# Advice on mixing old and new batteries please



## tviall (May 1, 2005)

I need some advice on mixing old and new batteries.

I bought my van nearly 3 years ago and just started to have battery problems (not holding charge as well as it did). 

The van came with 1 battery and I requested a second to match the first. The battery they installed alongside the original was an Elecsol 110ah battery. Unfortunately, I have no idea what the original battery is. It's the same size and shape as the known elecsol 110ah battery but it doesn't have any stickers or anything on it. So, of course, I assume that it is also an elecsol.

Anyway, today I find that the original and unbranded battery is losing 100th of a volt about every minute. The elecsol battery seems absolutely fine. Overall, it dropped from 12.2v to 11v in approx 36 hours.

Obviously, I need to replace the original battery and I thought that I would buy another elecsol 110ah. But here's the question.

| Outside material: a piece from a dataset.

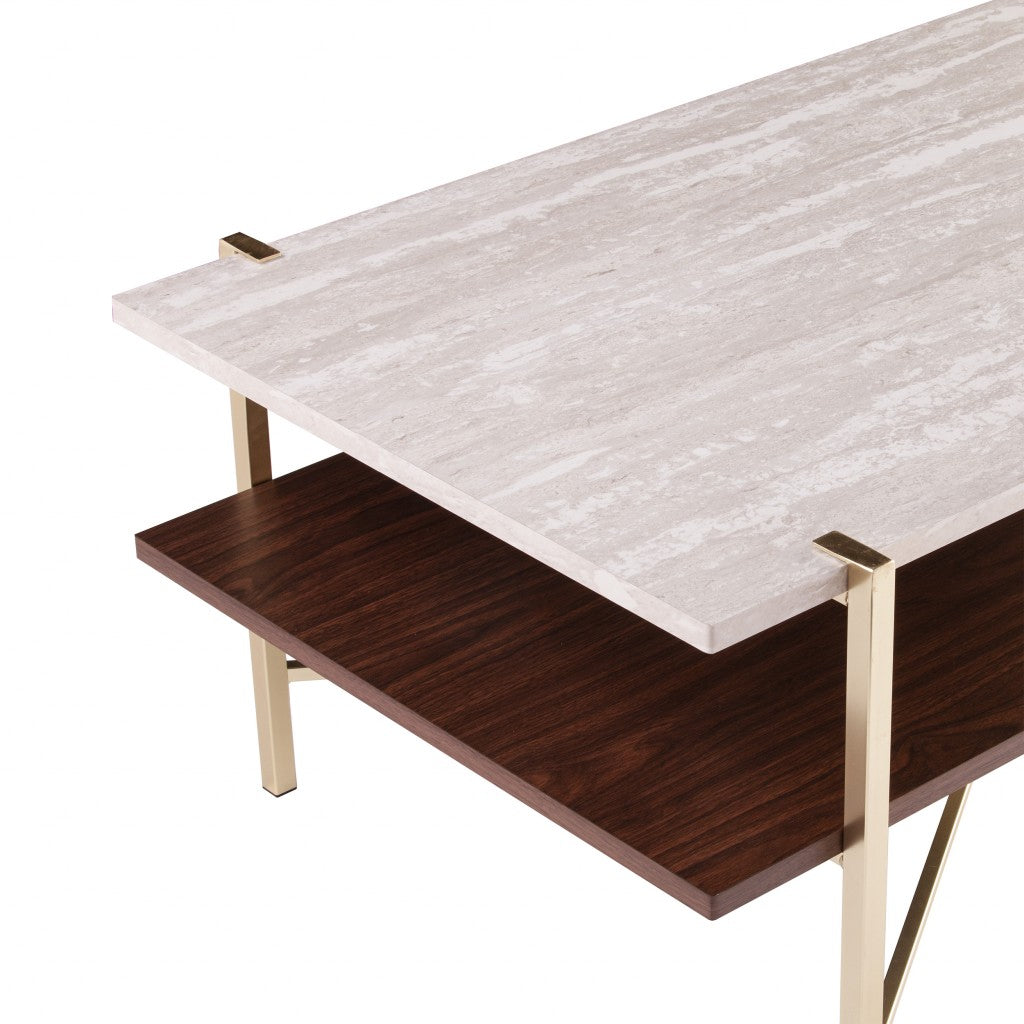 Mesa de Centro Rectangular de Madera y Metal Fabricada en Latón de 47"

It is OK to pair a new battery (specifically an Elecsol 110ah) with a nearly 3 year old Elecsol 110ah battery (that appears to be in OK condition)?

Thanks for your help

Tony


----------



## IanA (Oct 30, 2010)

The experts will give you answer or direct you to the old topics, but I think the answer is no. The older battery will pull the new one down which may affect the life of the new one. There will be issues over charging as the old one will probably accept a higher charging voltage, again damaging the new one. I would suggest you either buy two new ones or discard the old one.


----------



## boringfrog (Sep 22, 2006)

*Battery*

You've got three years out of your "old" battery, bite the bullet and get 2 new ones.


----------



## spatz1 (May 19, 2011)

I ve been looking into this and if you research the telecoms companies you ll learn they change banks of batteries coupled in parallel (new one side old the other ... They also mix unmatched banks in parrallel and all with no reported ill effect...

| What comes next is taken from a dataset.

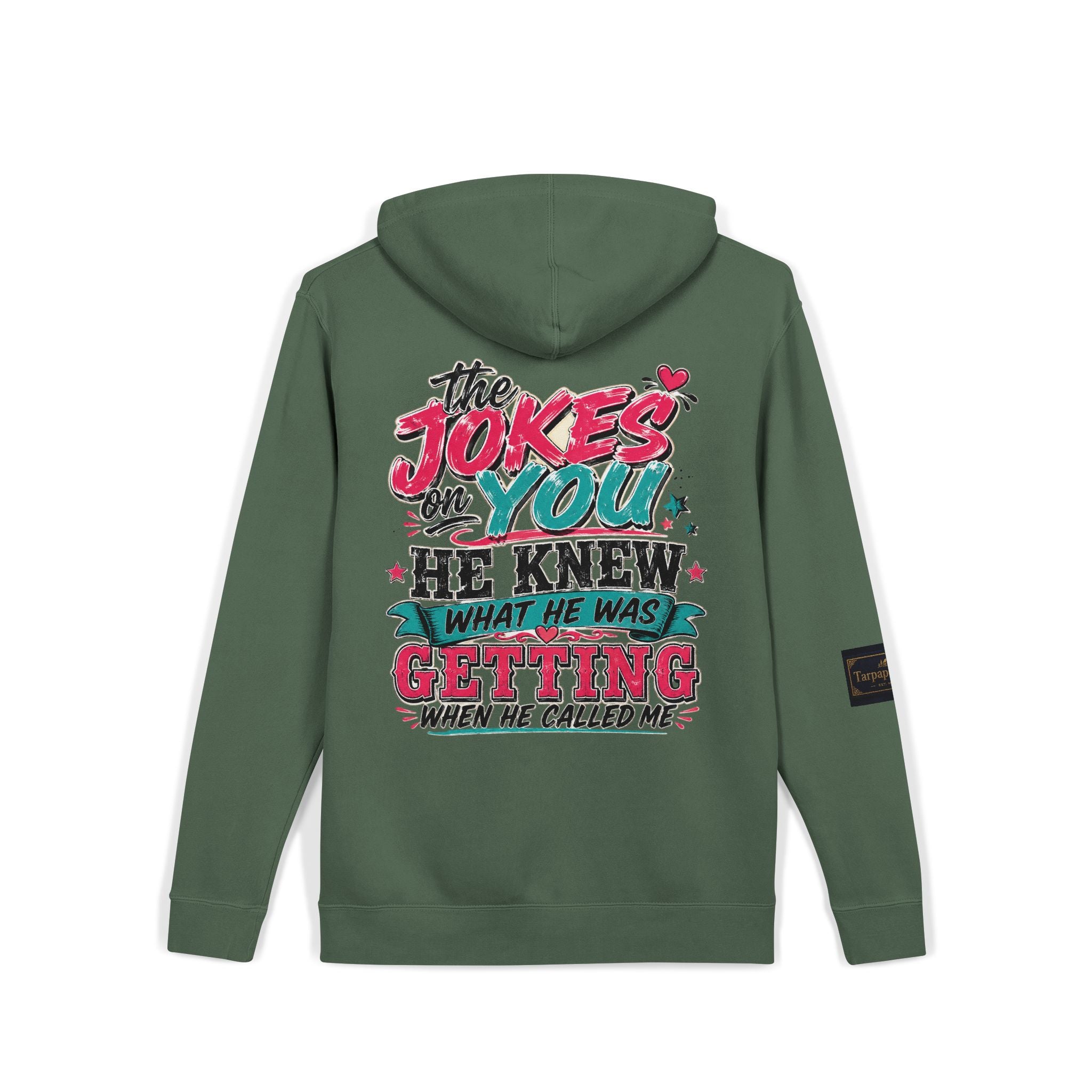 Pigment-Dyed Hoodie — "The Jokes on You" Retro Graphic Pullover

It flys against the wind of all we re told, but for a £180 spend on two batteries its hardly worth thinking about for the guarantee of an unspoiled trip ...


----------



## tviall (May 1, 2005)

I bite the bullet and bought 2 new batteries to replace my existing ones.

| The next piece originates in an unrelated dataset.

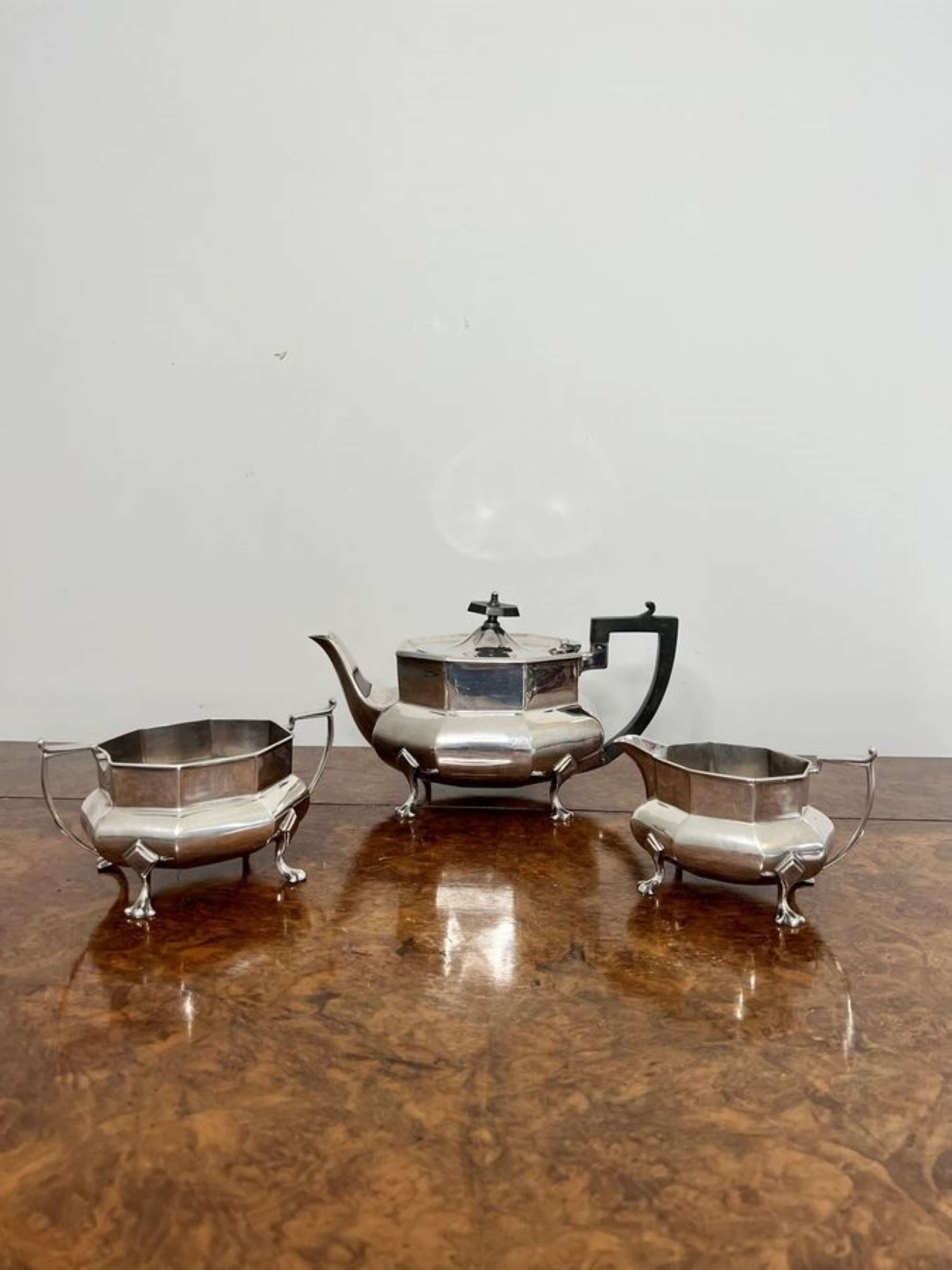 Stunning quality antique Edwardian silver plated three piece tea set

I used Tayna.co.uk. Very good price and excellent service.

I would whole heartedly recommend them to anyone.

Tony


----------



## clive1821 (Mar 27, 2010)

there are views that there's no reason why you can't mix batteries.... me included!!! only to find 4 months later all 4 batteries were faulty...... so this time I replaced all the batteries within 2 months of each other and all's fine so far...... so I favour replace all batteries at a similar time.... as already mentioned they are cheep...... the telecom batteries are in the order of £800.00 per cell if I recall and they are able to mix and match, also they also wash out the batteries and renew the acid etc...


----------